PARALLEL AND ADAPTIVE UNIFORM-DISTRIBUTED REGISTRATION METHOD FOR CHANG’E-1 LUNAR REMOTE SENSED IMAGERY
- Institute of Photogrammetry and Remote Sensing, Chinese Academy Surveying and Mapping, 28 Lianhuachi West Road, Beijing, China
Keywords: Chang’E-1, registration, SIFT, parallel calculation, uniform distribution
Abstract. On the October 24th 2007, China launched its first Lunar Probe Satellite "Chang'E I". After the 494 days travelling, the probe vehicle landed accurately at its predetermined landing site on the moon at 52.36 degrees east longitude and 1.5 degrees south latitude. It sent back the first imagery of the lunar surface on 26 November 2007 and accomplished all the scheduled scientific tasks successfully. As the first lunar Probe Satellite, the major goal of Chang'E I mission is to obtain three-dimensional images of the landforms and geological structures of the lunar surface, so as to provide a reference for planned future soft landings. However, due to the dramatic change of the radiation information of the CE-1imagery, the traditional methods that are based on the gray and line characters show the limitation achieving a satisfied result. Moreover, the registration processing between lunar images that cover the whole moon has proved to be very time-consuming.

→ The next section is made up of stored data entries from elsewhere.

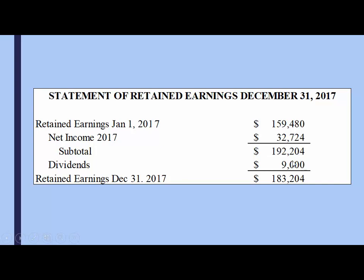We do a subtotal because then we decide how much to distribute as dividends. Dividends are a subtraction from our subtotal because we're redistributing some of our profit to our shareholders. So it's a minus to find out what our retained earnings are at the end of the year. We made $32,000 in net income, add that to our previous retained earnings, then subtract how much we redistribute as dividends to find our retained earnings as of December 31st, 2017.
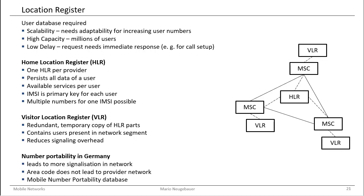So with these location registers, we are actually able to maintain all the user information and also to make the user information available at the point where we need it, close to the MSC, to quickly access the information and to quickly allow users for certain services in the network.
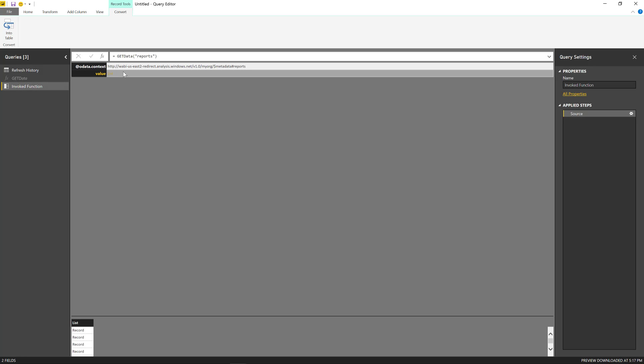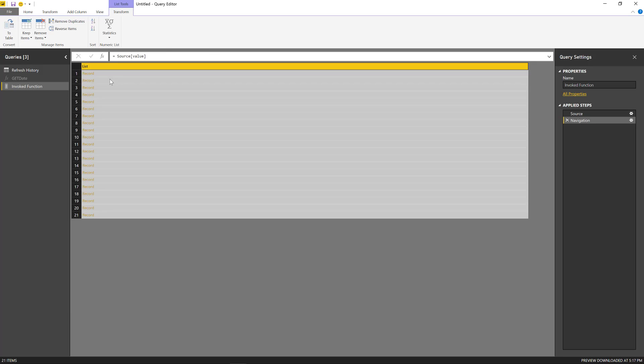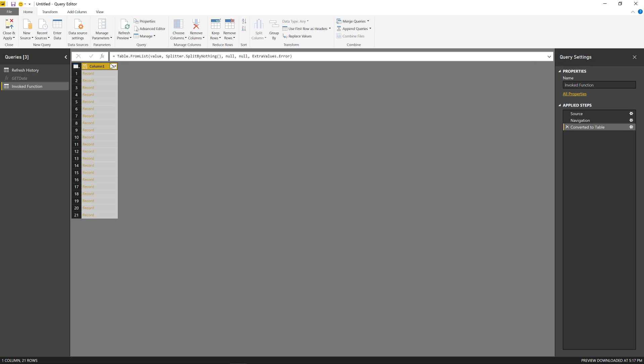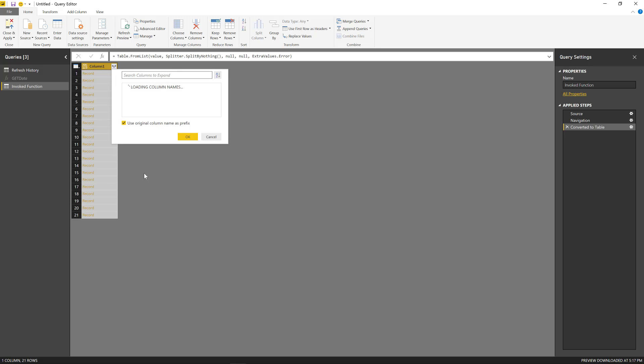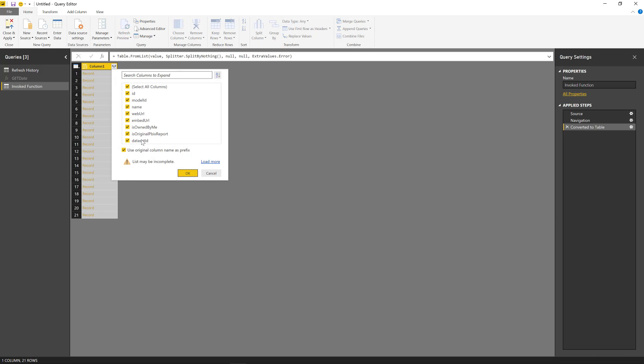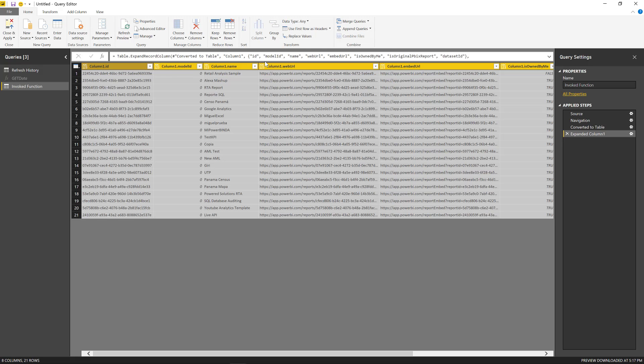So if I put something like reports and just invoke that, I'm going to get the raw response from the API and I can just drill down and just analyze it. We can actually expand this and see all of the reports that I have for my own workspace, because that is the specific endpoint to get the reports from my workspace.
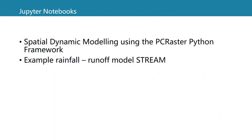So in this module, there is a Jupyter notebook tutorial where you can practice with spatial dynamic modeling using the PCRaster Python framework. In the tutorial, we work with an example rainfall runoff model, which is the stream model.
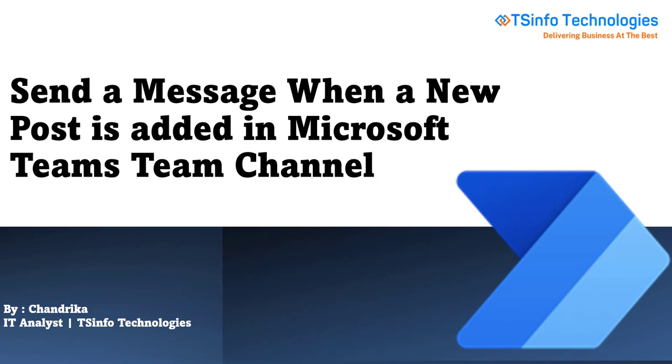Hello everyone, welcome back to our channel. This is Chandrika from TSInfo Technologies. I have recently joined the SharePoint team and I will be posting videos on Power Automate.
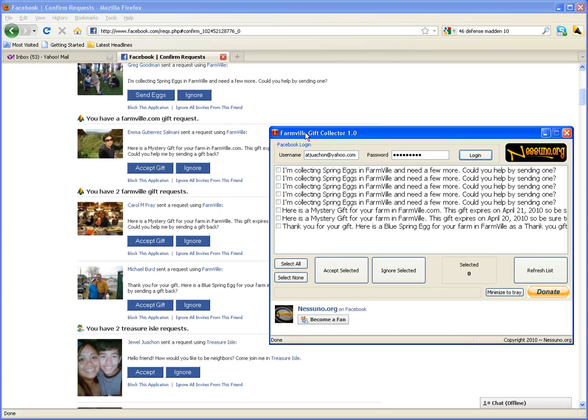Okay, so just to make a long story short, what I'm going to do here is demonstrate the Farmville Gift Collector. Make sure you're logged in with your Facebook account, then refresh the list just in case there's some more.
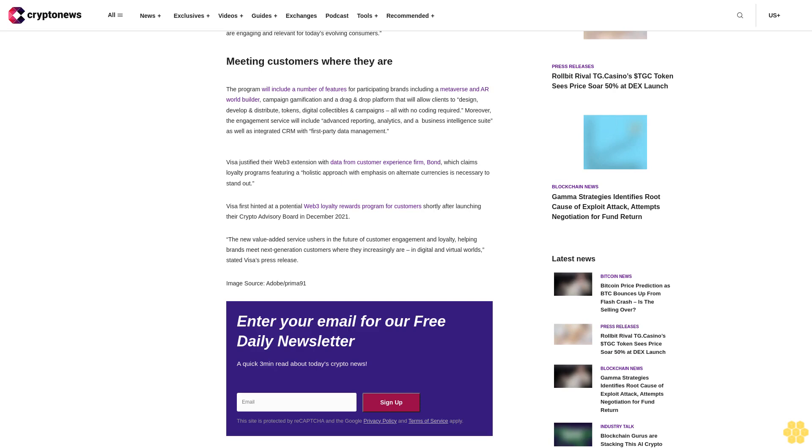Visa justified their Web3 extension with data from customer experience firm Bond, which claims loyalty programs featuring a holistic approach with emphasis on alternate currencies is necessary to stand out. Visa first hinted at a potential Web3 loyalty rewards program for customers shortly after launching their crypto advisory board in December 2021. The new value-added service ushers in the future of customer engagement and loyalty, helping brands meet next-generation customers where they increasingly are: in digital and virtual worlds, stated Visa's press release.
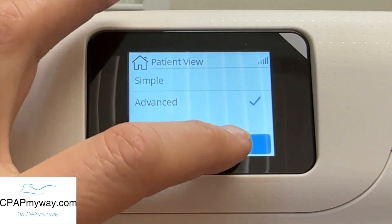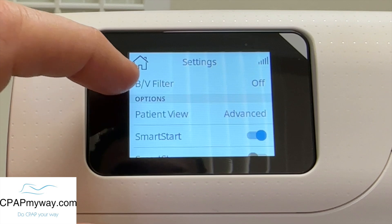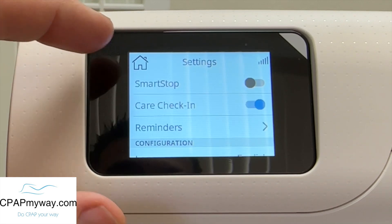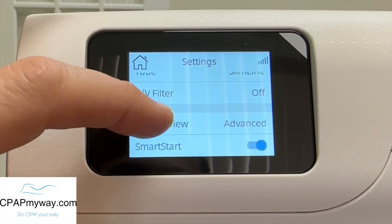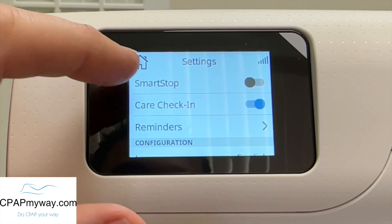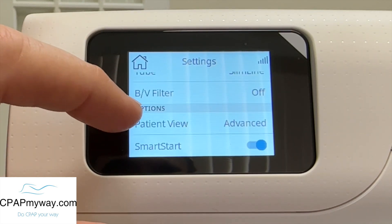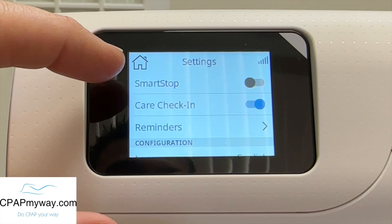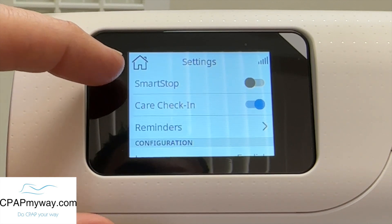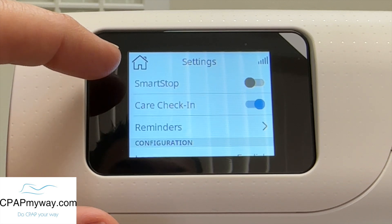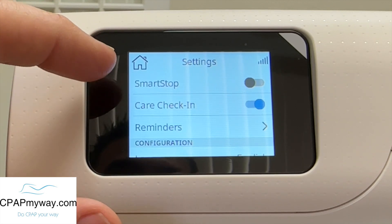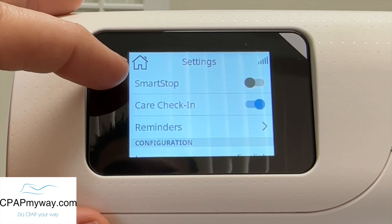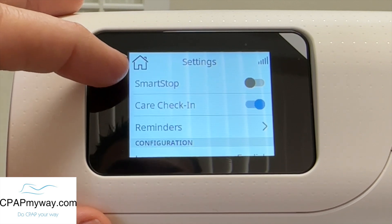I always change the patient view to advanced because I like giving people the freedom to see as much information as possible. So if you switch it to advanced, they'll be able to see a lot more on their reporting on screen. Smart start and smart stop are obvious — smart start allows the machine to turn on by itself when it senses the breathing; smart stop tells the machine to turn off when it senses you stop breathing. I'm very cautious on these 11 devices on the smart stop — it's pretty darn sensitive. So if you get a big leak, I've heard of it accidentally shutting the machine down mid-therapy. Once it senses your breathing it kicks right back on, but it's a weird feeling that can happen in the middle of the night. So unless you really feel like you need the smart stop, I'd leave that turned off.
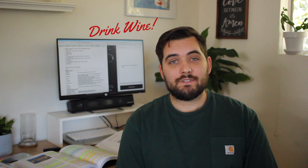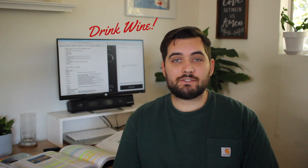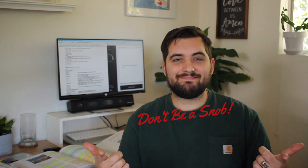I will see you guys in the next video after my CSW exam next month in February. Until then, drink wine and don't be a snob.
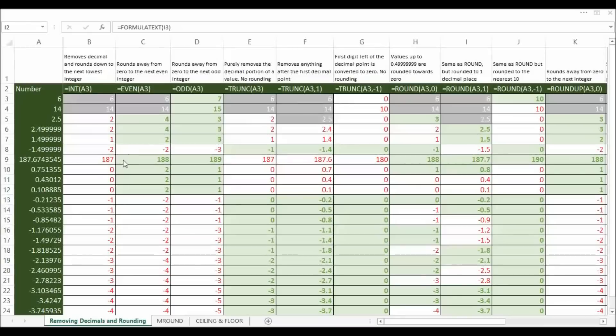I'm going to spend some time looking at functions that allow us to round and remove decimals. I've got my numbers down the side here that I'm going to convert using these functions across the top.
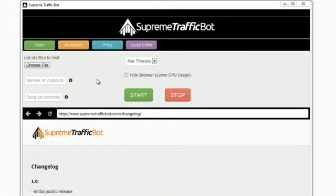Hi, I'm the creator of Supreme Traffic Bot and in this short video I would like to demonstrate how easy it is to generate visits to your websites or blogs.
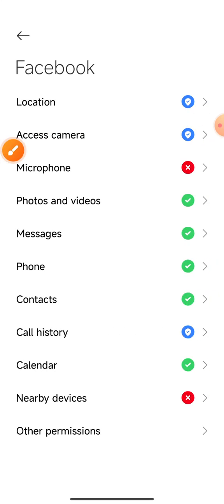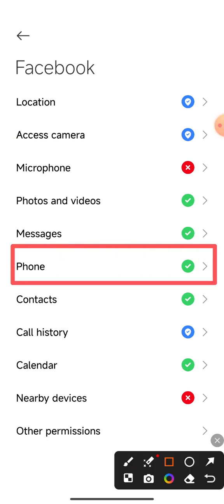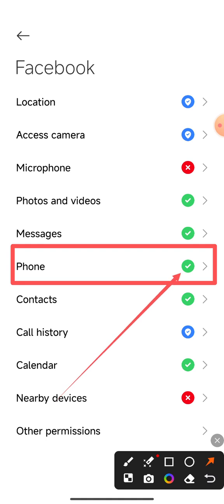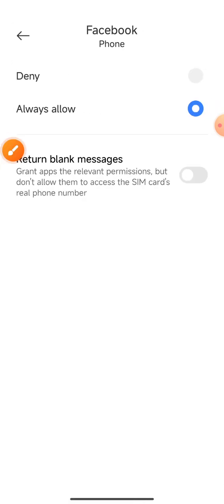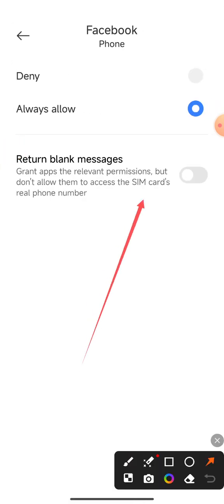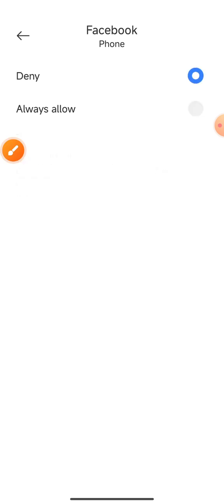Ok, if your phone is not allowed to check the phone check, it can be used to check the phone or not-allow.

To resolve the above-mentioned registration difficulties, a parallel and adaptive uniform-distributed registration method for CE-1 lunar remote sensed imagery is proposed in this paper. Based on 6 pairs of randomly selected images, both the standard SIFT algorithm and the parallel and adaptive uniform-distributed registration method were executed, the versatility and effectiveness were assessed. The experimental results indicate that: by applying the parallel and adaptive uniform-distributed registration method, the efficiency of CE-1 lunar remote sensed imagery registration were increased dramatically. Therefore, the proposed method in the paper could acquire uniform-distributed registration results more effectively, the registration difficulties including difficult to obtain results, time-consuming, non-uniform distribution could be successfully solved.